Reputation: 16395
I'm trying to figure out the best way to create an intake catalog from a collection of CSV files, where I want each CSV file to be an individual source
.
I can create a catalog.yml
for one CSV by doing:
import intake
source1 = intake.open_csv('states_1.csv')
source1.name = 'states1'
with open('catalog.yml', 'w') as f:
f.write(str(source1.yaml()))
which produces the valid:
sources:
states1:
args:
urlpath: states_1.csv
description: ''
driver: intake.source.csv.CSVSource
metadata: {}
but if I do
import intake
source1 = intake.open_csv('states_1.csv')
source1.name = 'states1'
source2 = intake.open_csv('states_2.csv')
source2.name = 'states2'
with open('catalog.yml', 'w') as f:
f.write(str(source1.yaml()))
f.write(str(source2.yaml()))
of course this fails because the catalog has a duplicate sources
entry:
sources:
states1:
args:
urlpath: states_1.csv
description: ''
driver: intake.source.csv.CSVSource
metadata: {}
sources:
states2:
args:
urlpath: states_2.csv
description: ''
driver: intake.source.csv.CSVSource
metadata: {}
I'm guessing there must be a better way to go about this, like perhaps by instantiating a catalog object, adding source objects and then writing the catalog? But I couldn't find the methods to accomplish this.
What is the best practice for accomplishing this?
Upvotes: 1
Views: 237
Reputation: 1058
Try using intake.Catalog() and adding your sources to them.
import intake
description = "Simple catalog for multiple CSV sources"

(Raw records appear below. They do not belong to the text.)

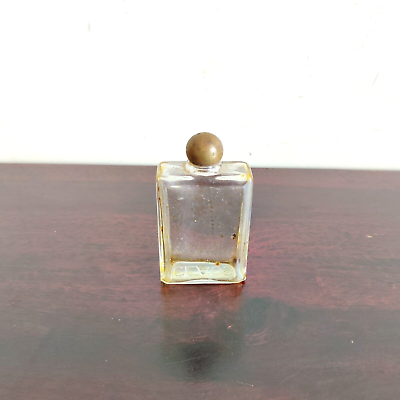#ad Vintage Claus Clear Glass Brass Cap Perfume Bottle Decorative Collectible G799 $67.00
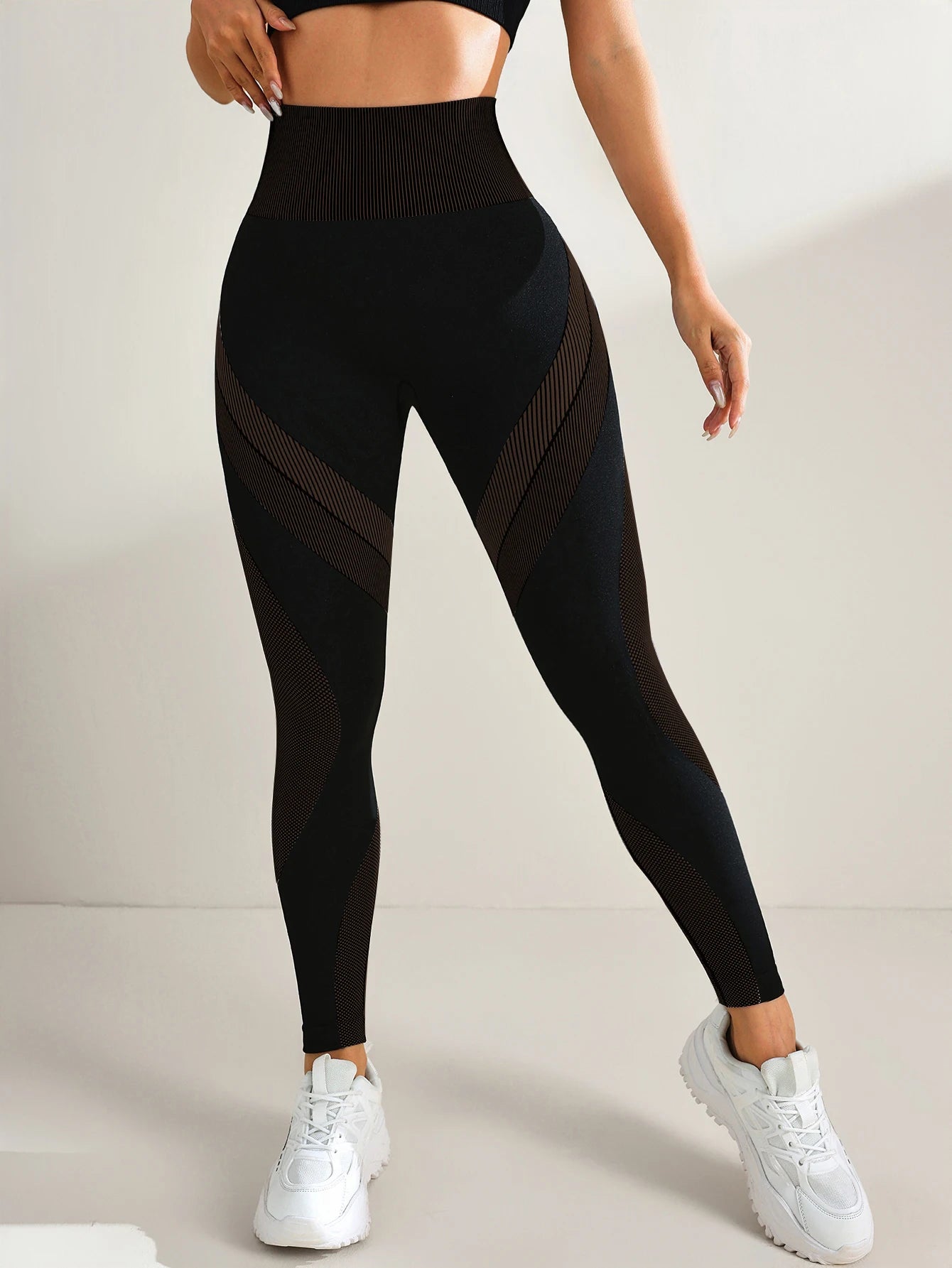 Seamless Scrunch High-Waist Leggings - Soft Tummy Control Support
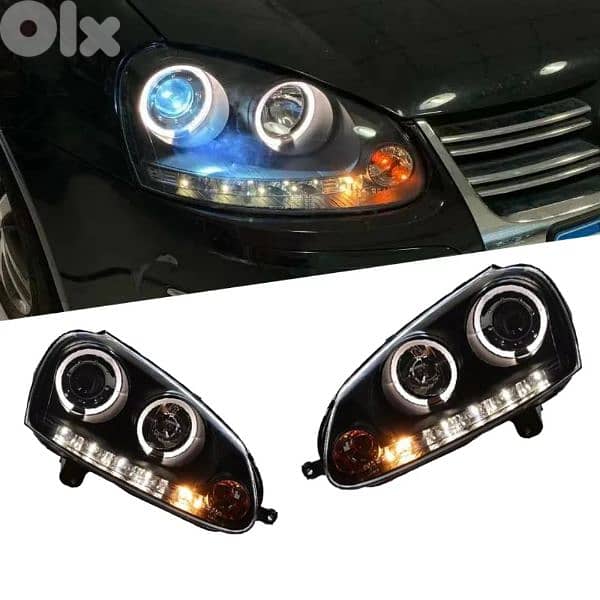 golf 5 gti  headlights special edition original made in taiwan 1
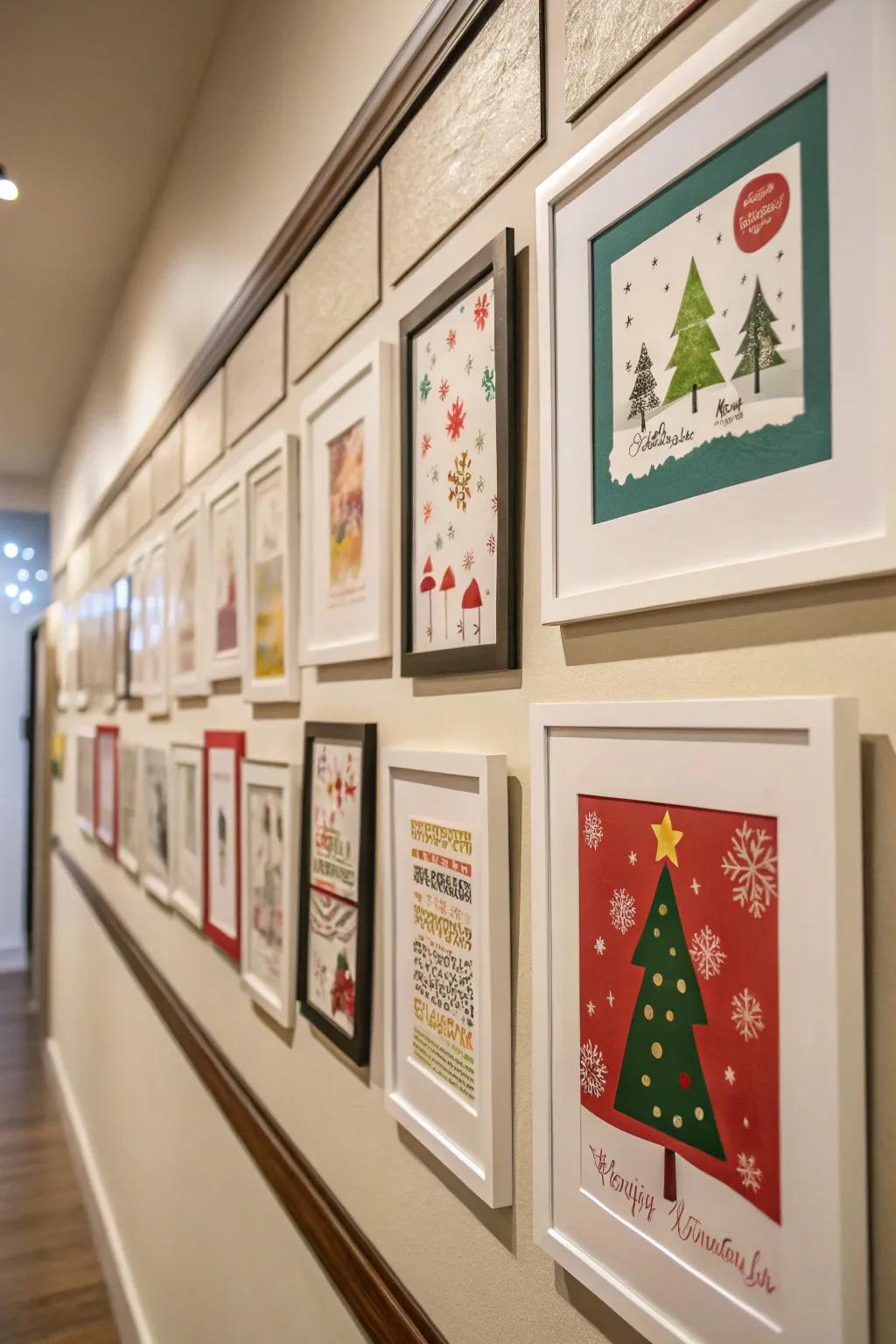 Convert open frames into joyful card exhibits.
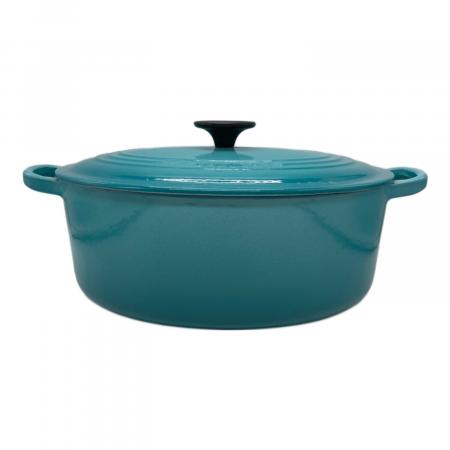 LE CREUSET (ルクルーゼ) 両手鍋 SIZE 27 スカイブルー ココット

catalog = {'metadata': {'version': 1,'description': description},'sources': {}}
with open('catalog.yml', 'w') as f:
yaml.dump(catalog, f)
# Create a catalog object
catalog = intake.open_catalog('catalog.yml')
# Define your CSV sources
source1 = intake.open_csv('states_1.csv')
source1.name = 'states1'
source2 = intake.open_csv('states_2.csv')
source2.name = 'states2'
# Add the sources to the catalog
catalog = catalog.add(source1)
catalog = catalog.add(source2)
catalog.save('catalog.yml')
Upvotes: 2